Much of how poorly my husband treated me was due to the affair fog and the very nature of an affair: they can escape the boredom, pressure, ups and downs of marriage, stress, etc. etc in the few hours they spend with AP and come home to dinner, bed and security. Of course, the neglect, disrespect and indifference they show to the BS only adds to the anger, bitterness and resentment the BS returns...making the OW even more an attraction...a downward spiral!

But Hopeful, have HOPE! As bad as our situation was: a 6 year affair and 2 and 1/2 years of false R, finally my husband realized that the last line had been drawn, he came fully clean, he realized the worth of my love and fidelity and we are finally making real progress in rebuilding our marriage.

Do I still have doubts I made the right decision to stay with him? Yes. Do I still trigger? Yes. Do I trust him? Not fully. Have I left the past behind? No. Have I forgiven him? For some things but not others. But we are enjoying a rebirth of our love, see our futures as entwined and have every hope that each day will bring us closer together. Reconciliation can happen but only if both partners desire it above all else, are willing to go through hell and work hard to restore what was lost. Don't give up hope yet if marriage to this man is what you want but don't rest until he admits the truth, ends the affair, and makes serious efforts to restore your trust.


----------



## Thor (Oct 31, 2011)

Hopeful, you have every right to insist he stop all contact with another women. Even if she is really only just a friend, if it bothers you then it bothers you! That is enough. You don't have to prove to him you know she is more than a friend in order to insist he stop all contact.

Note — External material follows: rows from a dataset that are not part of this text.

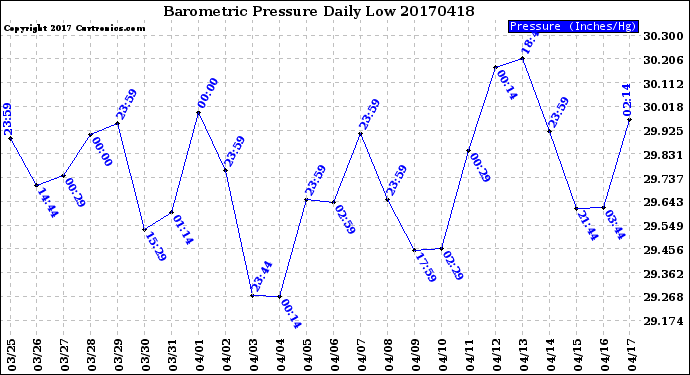 Milwaukee Weather Barometric Pressure<br>Daily Low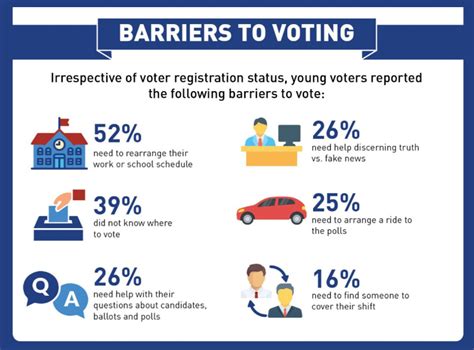 Growing Voters Engaging Youth Before They Reach Voting Age To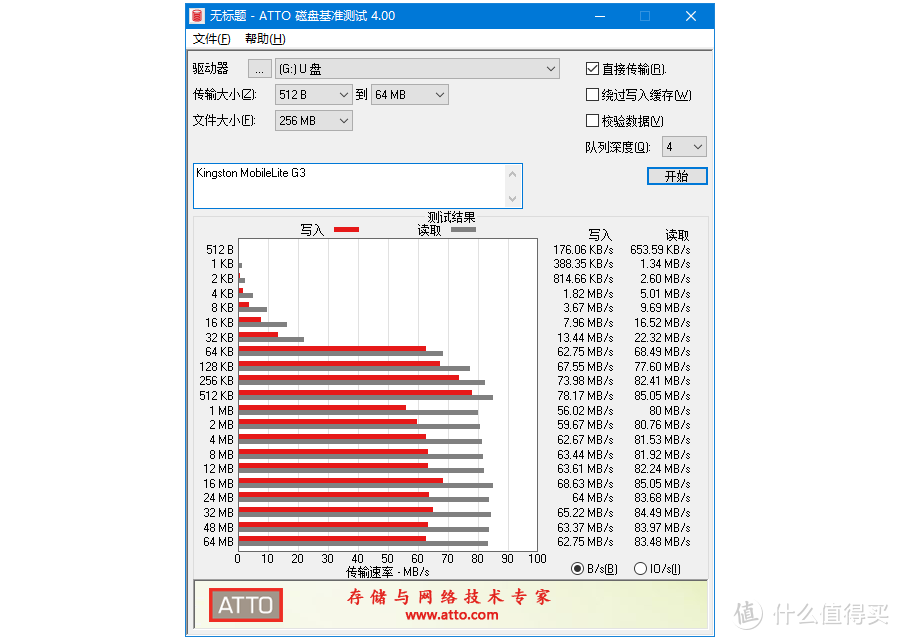 好马配好鞍，好卡配什么？Lexar新三合一读卡器LRW500U晒单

You know many addicts will say they can quit drinking or smoking or porn any time they want to. Yet they cannot. You could issue an ultimatum or challenge to him that he can prove to you she is only a friend if he ceases all contact with her. But I am sure he won't be able to for any sustained time.

Anyhow, make this process on your terms. He already knows the extent of what he is doing, so you do not have to prove to him what he is doing. You just have to draw lines in the sand. Set boundaries rather than make demands.

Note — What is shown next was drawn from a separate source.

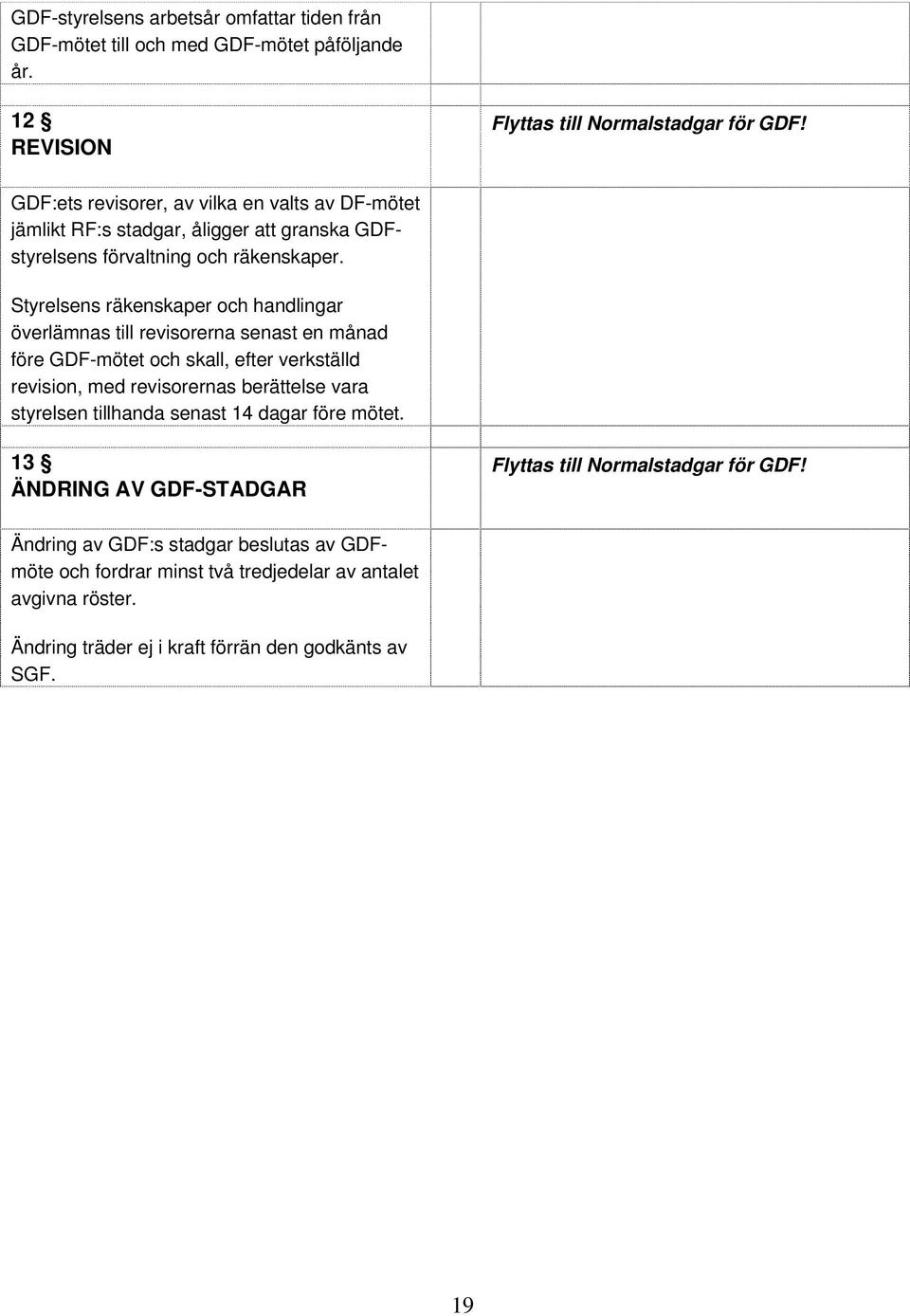 Styrelsens räkenskaper och handlingar överlämnas till revisorerna senast en månad före GDF-mötet och skall, efter verkställd revision, med revisorernas berättelse vara styrelsen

"I cannot remain married to a man who has contact with another woman I do not approve of."

"I know your relationship with her is unacceptable to me, and I will not consider remaining in this marriage under the current circumstances."

He doesn't have to agree you are reasonable, he only has to know you are serious about your position.


----------



## hopeful101 (Nov 6, 2013)

Thank you all. I'm a total wreck. I haven't eaten more than tea and saltines for 2 weeks. I continue to be told this is all me. When I confess my suspicions I'm told that I'm just not focusing on what's important- our marriage. I would love to tell the husband. I have no idea how to do it anonymously.


----------



## kristin2349 (Sep 12, 2013)

hopeful101 said:


> Thank you all. I'm a total wreck. I haven't eaten more than tea and saltines for 2 weeks. I continue to be told this is all me. When I confess my suspicions I'm told that I'm just not focusing on what's important- our marriage. I would love to tell the husband. I have no idea how to do it anonymously.


You need to read up on exposure. If he isn't being honest about what happened. What are you working on saving? The marriage was in a ditch. Before you waste all that energy pulling it out. Make sure you want to save it if he's not willing to be honest. 

Sorry there are some basic steps you need to cover. You need to pull the curtains back on this friendship and let some daylight shine on it. No need to be anonymous when contacting the OM if he knows who you are he might end up an ally. If its anonymous he's less likely to believe it.


----------



## MattMatt (May 19, 2012)

www.cheterville.com for him and her. Expose.


----------



## Thor (Oct 31, 2011)

hopeful101 said:


> Thank you all. I'm a total wreck. I haven't eaten more than tea and saltines for 2 weeks. I continue to be told this is all me. When I confess my suspicions I'm told that I'm just not focusing on what's important- our marriage. I would love to tell the husband. I have no idea how to do it anonymously.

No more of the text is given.